ROSSI, Paolo
– Nacque a Urbino il 30 dicembre 1923 da Mario e da Emilia Monti, entrambi originari di Città di Castello.
I trasferimenti del padre (1875-1947) – professore di italiano e latino nei licei e studioso di Dante e del Rinascimento – portarono la famiglia a Bologna, dove Rossi, terminato il liceo, iniziò gli studi universitari di filosofia nel 1942, abbandonandoli però l’anno successivo e rifugiandosi in Umbria per sfuggire alla coscrizione obbligatoria della Repubblica sociale italiana (RSI). Finita la guerra, riprese gli studi a Firenze, dove nel 1946 si laureò con Eugenio Garin. L’anno successivo, sempre sotto la guida di Garin, discusse la tesi di perfezionamento, per poi rientrare a Città di Castello come professore di storia, filosofia e storia dell’arte nel locale liceo classico.
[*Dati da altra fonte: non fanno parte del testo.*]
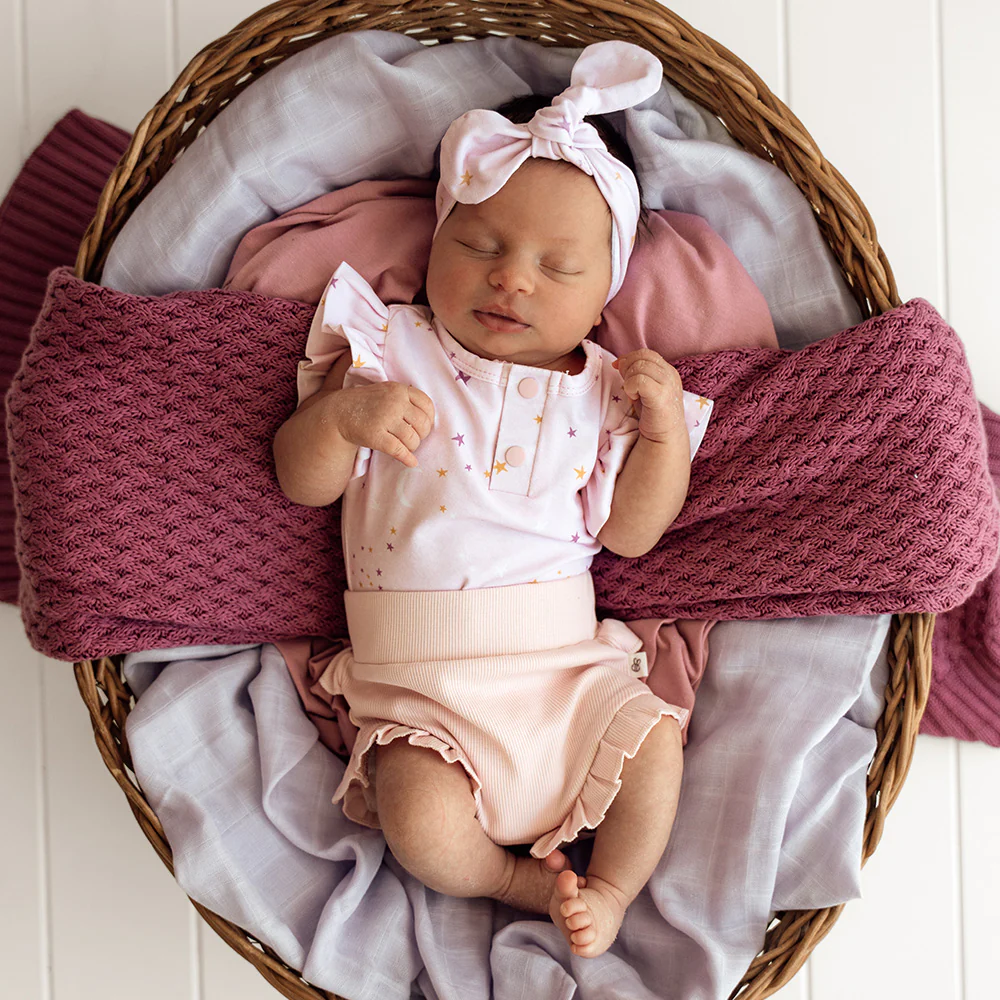 Twinkle Short Sleeve Organic Bodysuit with Frill - Image 12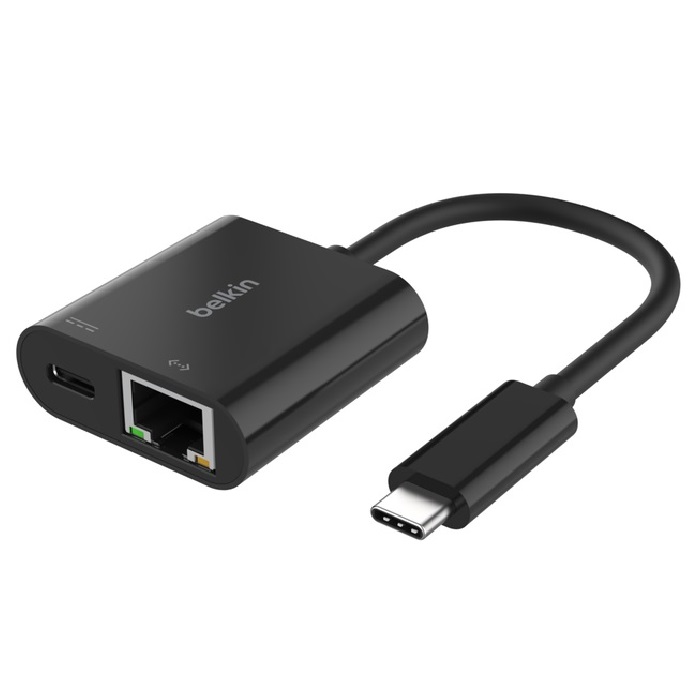 [745883877584] Belkin USB-C to Ethernet + Charge Adapter - Black(INC019BTBK), USB-C Power Delivery up to 100W, Ethernet connection supporting 10/100/1000 Mbps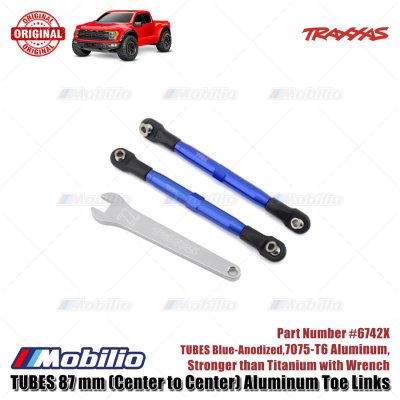 Traxxas Part #6742X Toe Links TUBES Blue-anodized 7075-T6 Aluminum Stronger Than Titanium for RC Ford ST Rally Raptor Slash Stampede Rustler Hoss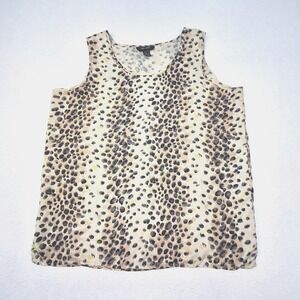 Silk‎ House Tank Top Womens Medium Tan Leopard Print 100% Silk Sleeveless Shell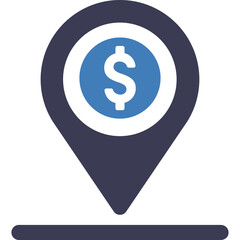 Location Pin Icon With Dollar Symbol Inside Representing Financial Location Or Investment Opportunities Isolated On Transparent Background In Clean Flat Design Style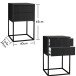 MARLE Nachttisch in Graphit - Moderner Nachtschrank mit Schubladen und schwarzem Metallgestell - 40 x 65 x 38,5 cm (B/H/T)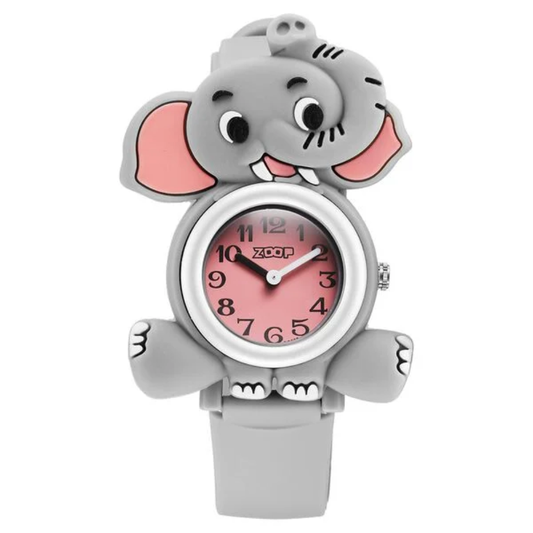 Zoop Elephant Pink Dial Grey Strap Kids Analog Watch NS16037PP01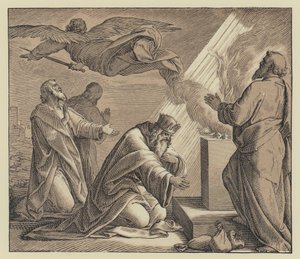 Davids Unterwerfung unter Gottes Urteil (Gravur) von English School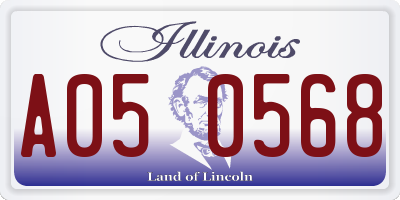 IL license plate A050568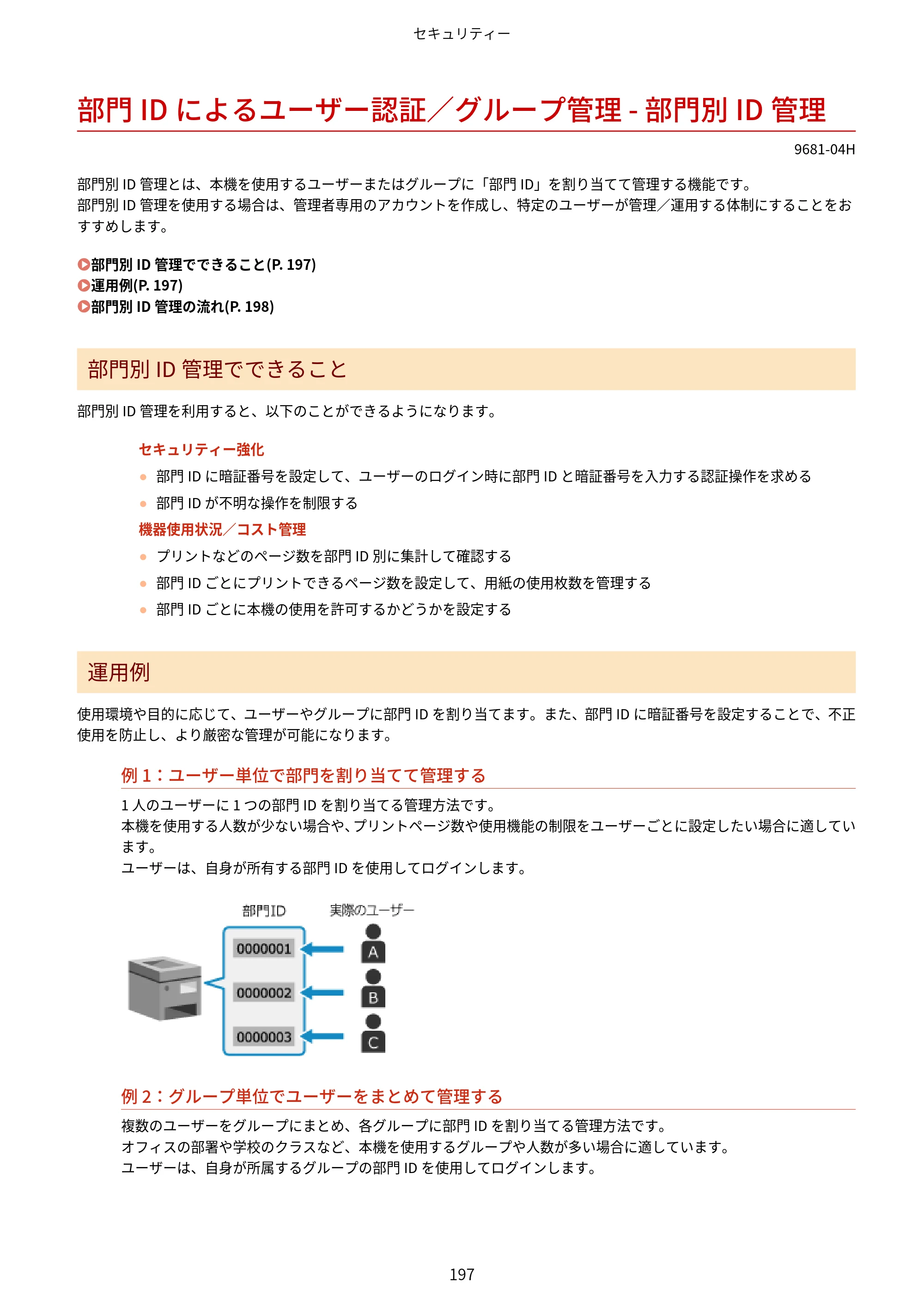 キヤノン LBP244・LBP241 ユーザーズガイド 2023年5月25日掲載（PDF：3.30MB） — 部門IDによるユーザー認証／グループ管理 - 部門別ID管理 — 原本ページ — 205ページ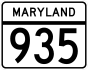 Maryland Route 935 marker
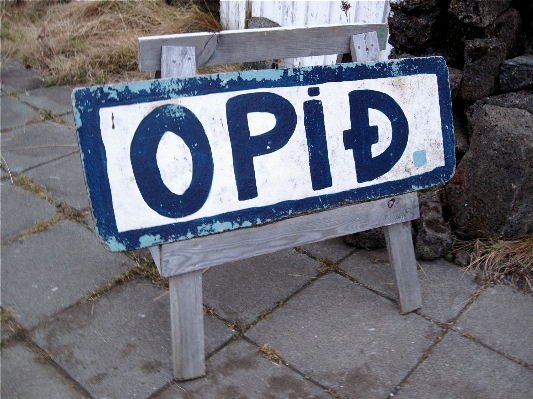 Sign blue iceland street Photo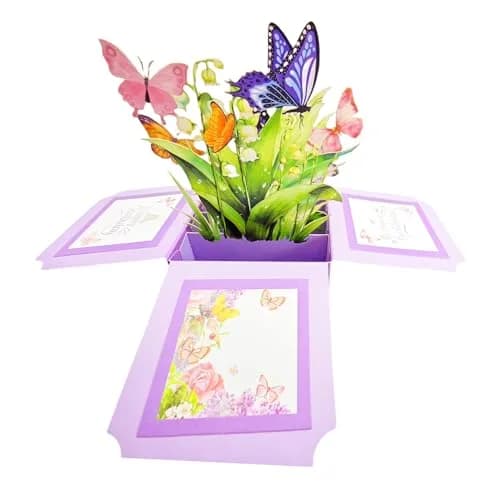 Akeydeco 3D Pop Up Birthday Cards 8.2*6.2 inch | Laser Cut Happy Birthday Greeting Card with LED Light & Music for Mom, Wife, Sister, Friends thumbnail 5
Tra i suoi allievi ebbe Andreina Bizzarri, che sposò nel 1951 e dalla quale ebbe due figli, Mario e Anna.
Nel 1952 si trasferì a Milano come assistente volontario di Antonio Banfi, amico di antica data del padre e allievo di Piero Martinetti. Banfi gli assicurò un posto di redattore presso la casa editrice Mondadori, dove Rossi continuò a lavorare fino all’inizio della sua carriera universitaria. Nel 1961 vinse il concorso per professore ordinario di storia della filosofia. Venne chiamato all’Università di Cagliari (1961-62) e poi di Bologna, per trasferirsi infine nel 1966 a Firenze, dove insegnò per più di trent’anni, fino al 1999.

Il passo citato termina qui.